[Stored items from a collection]

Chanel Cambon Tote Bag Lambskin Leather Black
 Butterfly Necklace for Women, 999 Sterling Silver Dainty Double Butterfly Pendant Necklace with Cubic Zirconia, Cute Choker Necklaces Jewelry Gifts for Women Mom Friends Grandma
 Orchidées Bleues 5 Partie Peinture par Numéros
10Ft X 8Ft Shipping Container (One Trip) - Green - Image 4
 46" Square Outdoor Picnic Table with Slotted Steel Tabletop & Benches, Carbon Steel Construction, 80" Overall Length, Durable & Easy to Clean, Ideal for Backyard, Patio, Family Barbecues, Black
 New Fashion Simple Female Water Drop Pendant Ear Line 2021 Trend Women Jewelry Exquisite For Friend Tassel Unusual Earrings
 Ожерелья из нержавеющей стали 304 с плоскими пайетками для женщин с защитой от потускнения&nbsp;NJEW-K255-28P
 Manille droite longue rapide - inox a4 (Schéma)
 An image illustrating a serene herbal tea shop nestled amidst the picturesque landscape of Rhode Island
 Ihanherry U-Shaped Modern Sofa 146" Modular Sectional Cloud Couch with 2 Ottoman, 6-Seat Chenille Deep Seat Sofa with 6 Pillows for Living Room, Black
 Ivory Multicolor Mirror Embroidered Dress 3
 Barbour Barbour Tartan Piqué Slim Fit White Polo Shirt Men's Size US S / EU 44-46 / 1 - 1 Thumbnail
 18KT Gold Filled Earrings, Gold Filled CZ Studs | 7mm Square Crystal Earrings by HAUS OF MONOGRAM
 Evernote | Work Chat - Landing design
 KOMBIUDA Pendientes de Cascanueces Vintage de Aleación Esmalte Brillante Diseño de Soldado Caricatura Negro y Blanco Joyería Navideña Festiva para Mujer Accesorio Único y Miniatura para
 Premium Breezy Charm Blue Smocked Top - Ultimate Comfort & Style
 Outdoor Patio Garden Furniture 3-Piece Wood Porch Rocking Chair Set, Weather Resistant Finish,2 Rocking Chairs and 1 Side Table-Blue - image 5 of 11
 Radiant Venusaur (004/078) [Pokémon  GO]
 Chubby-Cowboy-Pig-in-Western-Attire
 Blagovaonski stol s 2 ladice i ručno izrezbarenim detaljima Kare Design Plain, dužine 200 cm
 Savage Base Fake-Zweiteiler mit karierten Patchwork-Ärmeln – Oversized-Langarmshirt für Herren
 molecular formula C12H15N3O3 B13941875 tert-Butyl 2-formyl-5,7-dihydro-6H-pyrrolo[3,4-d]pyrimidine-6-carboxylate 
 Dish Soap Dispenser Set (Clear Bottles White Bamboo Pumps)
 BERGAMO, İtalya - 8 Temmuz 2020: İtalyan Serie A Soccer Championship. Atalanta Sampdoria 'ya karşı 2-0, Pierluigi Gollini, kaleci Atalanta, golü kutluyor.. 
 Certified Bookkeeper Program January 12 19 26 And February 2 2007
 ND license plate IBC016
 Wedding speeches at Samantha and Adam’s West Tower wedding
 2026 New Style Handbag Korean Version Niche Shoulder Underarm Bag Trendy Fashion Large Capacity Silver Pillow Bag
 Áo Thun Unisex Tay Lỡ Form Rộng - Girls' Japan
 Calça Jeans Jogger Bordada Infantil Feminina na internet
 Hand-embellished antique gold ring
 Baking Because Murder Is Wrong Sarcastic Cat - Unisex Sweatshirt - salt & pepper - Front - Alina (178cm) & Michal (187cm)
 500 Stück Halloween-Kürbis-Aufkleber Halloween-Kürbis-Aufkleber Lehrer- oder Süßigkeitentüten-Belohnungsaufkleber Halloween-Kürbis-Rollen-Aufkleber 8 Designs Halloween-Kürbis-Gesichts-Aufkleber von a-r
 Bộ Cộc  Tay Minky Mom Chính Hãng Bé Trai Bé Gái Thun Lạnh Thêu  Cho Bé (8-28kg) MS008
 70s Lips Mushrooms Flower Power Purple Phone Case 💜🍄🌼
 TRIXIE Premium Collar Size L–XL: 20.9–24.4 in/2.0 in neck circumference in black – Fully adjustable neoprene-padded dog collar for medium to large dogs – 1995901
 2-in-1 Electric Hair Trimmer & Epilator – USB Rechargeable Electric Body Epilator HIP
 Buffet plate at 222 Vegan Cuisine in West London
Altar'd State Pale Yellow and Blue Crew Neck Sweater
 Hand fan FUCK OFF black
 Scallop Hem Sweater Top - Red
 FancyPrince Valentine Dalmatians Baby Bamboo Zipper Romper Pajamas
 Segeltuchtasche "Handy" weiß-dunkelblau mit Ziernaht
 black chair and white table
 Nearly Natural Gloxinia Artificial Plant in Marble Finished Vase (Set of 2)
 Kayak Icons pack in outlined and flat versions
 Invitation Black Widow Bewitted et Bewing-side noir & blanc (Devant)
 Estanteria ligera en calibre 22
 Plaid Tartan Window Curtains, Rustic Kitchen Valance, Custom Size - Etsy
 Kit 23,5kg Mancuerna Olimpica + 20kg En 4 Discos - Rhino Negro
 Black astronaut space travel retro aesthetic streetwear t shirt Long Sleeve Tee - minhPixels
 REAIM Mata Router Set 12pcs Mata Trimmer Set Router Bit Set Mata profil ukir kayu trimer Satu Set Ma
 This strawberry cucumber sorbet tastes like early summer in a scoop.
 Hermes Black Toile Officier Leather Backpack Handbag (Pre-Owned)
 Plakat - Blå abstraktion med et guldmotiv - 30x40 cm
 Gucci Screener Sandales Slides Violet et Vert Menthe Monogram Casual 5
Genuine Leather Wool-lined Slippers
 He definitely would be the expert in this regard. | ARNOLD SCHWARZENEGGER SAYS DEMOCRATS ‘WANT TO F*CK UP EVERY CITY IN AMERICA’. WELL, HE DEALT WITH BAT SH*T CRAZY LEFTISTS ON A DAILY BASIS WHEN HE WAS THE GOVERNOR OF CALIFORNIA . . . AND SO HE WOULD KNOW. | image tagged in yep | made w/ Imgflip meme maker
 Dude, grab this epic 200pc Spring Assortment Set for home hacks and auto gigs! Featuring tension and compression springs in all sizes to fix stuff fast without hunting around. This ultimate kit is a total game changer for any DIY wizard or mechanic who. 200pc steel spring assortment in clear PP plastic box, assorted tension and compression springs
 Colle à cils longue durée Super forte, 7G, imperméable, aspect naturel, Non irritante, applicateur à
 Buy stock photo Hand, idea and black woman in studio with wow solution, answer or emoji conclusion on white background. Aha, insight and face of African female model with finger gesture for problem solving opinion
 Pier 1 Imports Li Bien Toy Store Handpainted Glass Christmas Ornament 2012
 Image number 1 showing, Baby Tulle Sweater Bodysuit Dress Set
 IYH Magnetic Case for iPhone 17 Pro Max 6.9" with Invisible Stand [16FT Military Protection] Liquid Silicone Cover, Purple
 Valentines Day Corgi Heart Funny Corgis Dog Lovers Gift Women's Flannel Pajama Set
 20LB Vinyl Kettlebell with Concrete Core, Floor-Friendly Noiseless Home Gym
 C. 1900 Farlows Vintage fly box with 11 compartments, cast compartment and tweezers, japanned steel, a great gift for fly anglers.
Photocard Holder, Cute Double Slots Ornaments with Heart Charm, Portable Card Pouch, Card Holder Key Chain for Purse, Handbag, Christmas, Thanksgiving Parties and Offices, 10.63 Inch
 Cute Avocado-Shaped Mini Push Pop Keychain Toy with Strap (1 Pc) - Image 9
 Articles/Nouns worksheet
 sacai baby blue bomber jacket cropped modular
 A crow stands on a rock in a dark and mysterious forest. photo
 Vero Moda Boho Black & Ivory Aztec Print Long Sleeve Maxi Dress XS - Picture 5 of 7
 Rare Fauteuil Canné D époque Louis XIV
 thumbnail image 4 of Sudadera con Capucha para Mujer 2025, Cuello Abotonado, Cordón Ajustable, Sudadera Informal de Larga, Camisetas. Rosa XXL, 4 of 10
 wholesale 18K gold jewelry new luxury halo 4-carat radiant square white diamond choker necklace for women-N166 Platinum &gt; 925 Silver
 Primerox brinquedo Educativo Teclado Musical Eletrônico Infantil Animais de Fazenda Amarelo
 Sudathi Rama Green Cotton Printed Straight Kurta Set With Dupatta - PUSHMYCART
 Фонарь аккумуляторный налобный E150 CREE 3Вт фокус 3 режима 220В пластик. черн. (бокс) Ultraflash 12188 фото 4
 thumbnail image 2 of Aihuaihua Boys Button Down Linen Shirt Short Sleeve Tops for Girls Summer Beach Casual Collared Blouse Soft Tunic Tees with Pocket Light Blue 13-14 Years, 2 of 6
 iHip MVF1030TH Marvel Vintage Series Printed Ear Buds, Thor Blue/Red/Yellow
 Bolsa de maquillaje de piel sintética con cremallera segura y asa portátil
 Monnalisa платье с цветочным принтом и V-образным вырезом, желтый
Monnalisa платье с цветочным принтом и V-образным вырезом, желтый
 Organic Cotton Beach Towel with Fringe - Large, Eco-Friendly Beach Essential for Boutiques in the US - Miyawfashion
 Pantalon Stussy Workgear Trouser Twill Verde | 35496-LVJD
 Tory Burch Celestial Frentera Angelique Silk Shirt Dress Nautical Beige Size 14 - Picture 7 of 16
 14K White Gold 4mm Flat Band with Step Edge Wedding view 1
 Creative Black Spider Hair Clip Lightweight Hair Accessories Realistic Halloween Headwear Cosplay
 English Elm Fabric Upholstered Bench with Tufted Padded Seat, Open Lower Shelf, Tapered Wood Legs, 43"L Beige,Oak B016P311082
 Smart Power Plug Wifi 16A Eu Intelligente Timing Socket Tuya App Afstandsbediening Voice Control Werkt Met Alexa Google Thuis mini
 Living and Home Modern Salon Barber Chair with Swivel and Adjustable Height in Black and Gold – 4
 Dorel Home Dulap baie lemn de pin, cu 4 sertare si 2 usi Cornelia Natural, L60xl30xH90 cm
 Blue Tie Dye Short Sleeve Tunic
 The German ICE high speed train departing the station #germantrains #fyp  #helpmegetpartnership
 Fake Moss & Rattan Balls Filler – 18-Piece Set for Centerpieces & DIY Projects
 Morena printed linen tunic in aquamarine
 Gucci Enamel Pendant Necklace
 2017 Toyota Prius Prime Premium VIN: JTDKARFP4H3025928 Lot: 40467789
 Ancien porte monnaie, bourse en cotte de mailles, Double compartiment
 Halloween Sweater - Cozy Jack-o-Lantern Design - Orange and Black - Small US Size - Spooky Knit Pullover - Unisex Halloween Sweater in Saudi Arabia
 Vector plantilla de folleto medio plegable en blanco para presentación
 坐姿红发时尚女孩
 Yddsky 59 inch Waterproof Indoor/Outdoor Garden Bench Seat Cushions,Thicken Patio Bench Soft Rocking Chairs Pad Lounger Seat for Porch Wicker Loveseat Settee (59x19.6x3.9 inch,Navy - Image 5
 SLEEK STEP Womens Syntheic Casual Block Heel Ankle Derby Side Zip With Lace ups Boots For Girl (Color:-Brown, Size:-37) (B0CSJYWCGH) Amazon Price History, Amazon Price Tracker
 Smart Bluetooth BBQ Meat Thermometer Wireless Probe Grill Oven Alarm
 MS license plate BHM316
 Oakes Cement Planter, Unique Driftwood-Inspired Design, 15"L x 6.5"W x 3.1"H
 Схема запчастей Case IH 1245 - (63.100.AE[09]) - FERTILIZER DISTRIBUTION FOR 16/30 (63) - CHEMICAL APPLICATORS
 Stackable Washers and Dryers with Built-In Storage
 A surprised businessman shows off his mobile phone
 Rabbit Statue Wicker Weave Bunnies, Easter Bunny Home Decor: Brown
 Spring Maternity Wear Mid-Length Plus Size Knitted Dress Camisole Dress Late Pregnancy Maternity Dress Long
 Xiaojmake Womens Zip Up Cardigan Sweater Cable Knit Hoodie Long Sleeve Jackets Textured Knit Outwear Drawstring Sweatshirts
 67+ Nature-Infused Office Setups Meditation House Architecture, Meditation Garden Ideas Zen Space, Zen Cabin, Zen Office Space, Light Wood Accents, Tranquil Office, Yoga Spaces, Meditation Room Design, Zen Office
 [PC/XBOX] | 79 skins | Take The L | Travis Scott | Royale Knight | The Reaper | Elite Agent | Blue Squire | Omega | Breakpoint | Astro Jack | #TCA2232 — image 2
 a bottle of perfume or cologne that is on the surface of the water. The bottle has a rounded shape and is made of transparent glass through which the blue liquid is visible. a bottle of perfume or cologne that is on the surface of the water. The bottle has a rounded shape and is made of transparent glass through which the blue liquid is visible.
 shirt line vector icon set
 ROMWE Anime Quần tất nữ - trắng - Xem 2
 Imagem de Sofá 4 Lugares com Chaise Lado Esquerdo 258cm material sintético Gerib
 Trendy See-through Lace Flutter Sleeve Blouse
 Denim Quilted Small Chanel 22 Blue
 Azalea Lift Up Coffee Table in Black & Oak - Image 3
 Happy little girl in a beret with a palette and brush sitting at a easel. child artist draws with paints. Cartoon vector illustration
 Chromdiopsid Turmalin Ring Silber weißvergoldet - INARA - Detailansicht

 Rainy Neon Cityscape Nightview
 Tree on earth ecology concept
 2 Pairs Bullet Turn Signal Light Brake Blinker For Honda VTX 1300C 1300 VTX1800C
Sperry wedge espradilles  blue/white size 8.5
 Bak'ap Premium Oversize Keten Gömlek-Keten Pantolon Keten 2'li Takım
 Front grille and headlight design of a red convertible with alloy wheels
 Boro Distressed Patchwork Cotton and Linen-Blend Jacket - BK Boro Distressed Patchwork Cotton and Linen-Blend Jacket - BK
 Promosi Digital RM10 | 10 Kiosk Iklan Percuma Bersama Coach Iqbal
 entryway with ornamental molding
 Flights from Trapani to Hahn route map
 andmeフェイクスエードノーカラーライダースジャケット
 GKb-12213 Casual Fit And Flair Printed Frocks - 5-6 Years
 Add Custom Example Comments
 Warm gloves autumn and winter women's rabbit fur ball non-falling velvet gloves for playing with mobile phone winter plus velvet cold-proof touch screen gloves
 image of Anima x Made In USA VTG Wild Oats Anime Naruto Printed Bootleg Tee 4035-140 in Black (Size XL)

Problem to solve:
Restate the data verbatim through the "Orchidées Bleues 5" line.

Task solution:
Chanel Cambon Tote Bag Lambskin Leather Black
 Butterfly Necklace for Women, 999 Sterling Silver Dainty Double Butterfly Pendant Necklace with Cubic Zirconia, Cute Choker Necklaces Jewelry Gifts for Women Mom Friends Grandma
 Orchidées Bleues 5 Partie Peinture par Numéros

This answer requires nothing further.